The danger in both eras is the decoupling of price from intrinsic value. In 1987, the market ignored warning signs of overheating until a systemic failure in portfolio insurance triggered a cascade of selling. Today, the risk lies in the “AI ROI gap.” While companies like Nvidia are reporting record-breaking revenues from H100 GPU sales, the companies buying those chips—the software startups and enterprise giants—have yet to demonstrate that AI is generating a proportional increase in their own bottom lines.
Concentration Risk and the ‘Halo Effect’
Industry analysts are increasingly concerned about the “Halo Effect,” where any company mentioning “AI” in an earnings call sees an immediate bump in stock price, regardless of the actual technical implementation. This has created a feedback loop: high stock prices allow these companies to hoard cash and acquire smaller AI startups, which in turn fuels the narrative of inevitable dominance, driving prices even higher.
This concentration is far more extreme now than it was in the late 80s. The S&P 500 is currently more top-heavy than it has been in decades. When a few stocks represent such a massive portion of the index, a single negative earnings report from a chipmaker or a regulatory shift in AI safety laws could trigger a broader market correction that drags down unrelated sectors.

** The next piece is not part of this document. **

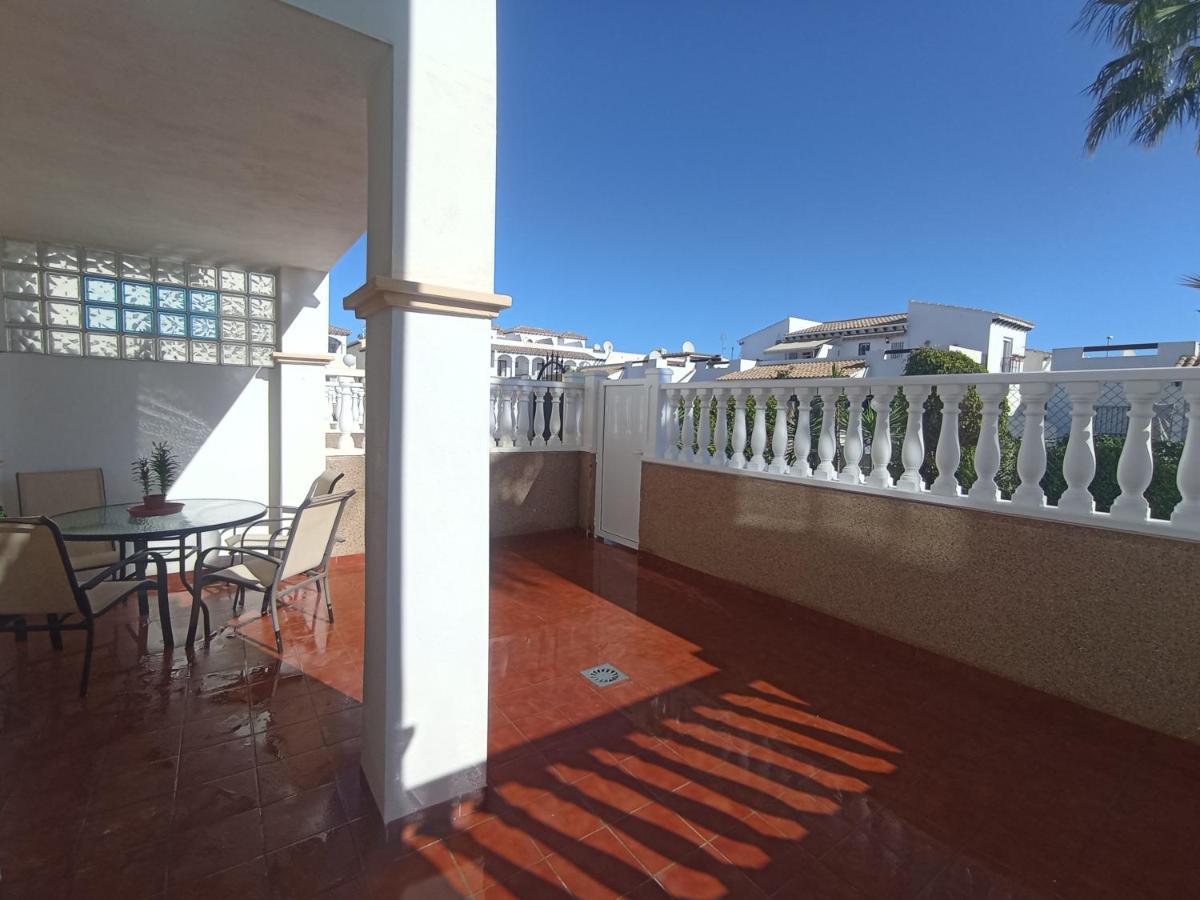 Spectacular Apartment In Punta Prima Alicante Exteriör bild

The Fundamental Difference
There is, however, a critical difference between the current surge and the 1987 crash: the tangible nature of the hardware. In 1987, the growth was largely based on financial engineering. In 2024, the growth is backed by actual silicon. The demand for compute power is real, and the deployment of AI into coding, drug discovery, and logistics is providing measurable efficiency gains, even if those gains haven’t fully hit the quarterly balance sheets of the average S&P company.
The question remains whether the market has priced in a decade of perfection. If the transition from “AI hype” to “AI utility” stutters, the rapid climb of the S&P 500 may leave it vulnerable to a sharp, corrective descent, echoing the volatility of the late 20th century.